Put simply, President Bush, once a small-government governor with a unilateralist bent, is morphing into a big-government presidential multilateralist. Maybe that was a necessary transformation, in the wake of 9/11, but that was Bourne's point: the words "national security" usually kibosh principles about the size and scope of government. Which explains why Uncle Sam always seems to get beefier - and greener - year after year, no matter who's in the White House.
Media headlines focused mostly on the military aspects of the new Bush policy. "Bush to Outline Doctrine of Striking Foes First," read The New York Times, which printed a leaked copy on Friday morning. Later in the day, Reuters headlined, "Bush Outlines Strategy of Preemptive Strikes." CNN described it, simply, as "First Strike Doctrine." Needless to say, many Americans will support the Bush strategy of anti-terror pre-emption, first outlined in a June 1 presidential speech at West Point, which has now been elaborated and turned into a formal politico-military doctrine.

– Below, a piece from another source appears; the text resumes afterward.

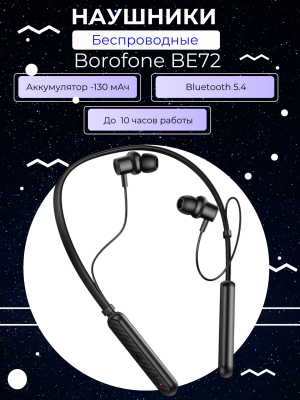 Наушники беспроводные Borofone BE72 черный (спорт)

In this paper, the Bush Administration has demonstrated a rushing ambition to occupy new beachheads of respectability and legitimacy. It's an ambition that threatens to spill over traditional policy categories, carrying unfamiliar ideas about everything from foreign aid to global warming. In choosing to define just about every problem the world faces as a potential national security threat, it is unwittingly inviting back the era of big, bigger, biggest government. As so often happens in Washington, once a committee sits down to draft a document, every agency eventually wangles its way into the drafting room, and thus every square inch of bureaucratic "turf" gets some treatment - and the prospect of more funding as fertilizer - in the final text.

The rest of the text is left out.